Wednesday, June 30, 2010

I miss my daddy

(Me and my dad)


Today is my father's birthday.  I think about him often and I believe that he is happy in Heaven, watching over us.  When he passed away, I didn't believe that I had any regrets about him.  I hope that I treated him with respect and kindness.  I regret now not getting to know him better and documenting more about his life.   I don't remember him as the old guy he was at the end.  I remember him when he was younger and vibrant and full of life and fun; holding my hand walking down a beach somewhere.  I miss you, daddy.  I hope that you are dancing to jazz and eating seafood up in Heaven with all your friends and pets that you loved.  I think this is how he wants me to remember him.



7 comments:

tHE king o' heARTS said...

i am so sorry DG, not to sound corny or rip off Hallmark, but he is never truly gone so long as you remember and think of him.

بصيص said...

Its truly a sad fact when our dearest leave us for ever.

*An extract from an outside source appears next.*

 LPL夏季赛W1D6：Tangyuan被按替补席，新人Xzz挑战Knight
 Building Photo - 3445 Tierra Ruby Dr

This makes should make us more appreciative of those close to us who are still with us.

Jewaira said...

And what a handsome, vivacious looking man he was.

Prayers for peace

Snow said...

I know exactly how you feel, my father passed 2 years ago and his birthday is coming on July 7th. I miss him so much and it is really hard at times, especially when I think of my kids not knowing him like I did. I just think of him as being in a better place, watching us and I feel better. {{hugs}}

Expat and the City said...

Lovely photos. He looks like he was a terrific Dad. :)

Layla said...

Those were such nice pics of you and your dad DG! I lost my Mom a few years back, and can understand how hard it is sometimes to be without them and to have the yearning to have gotten a chance to know them better! But even the time we were given was a blessing and they are a part of us so I think we know them better than we know :)

Anonymous said...

Beautiful writing. Makes me prioritize spending more time with my two year old son on this July 4th weekend.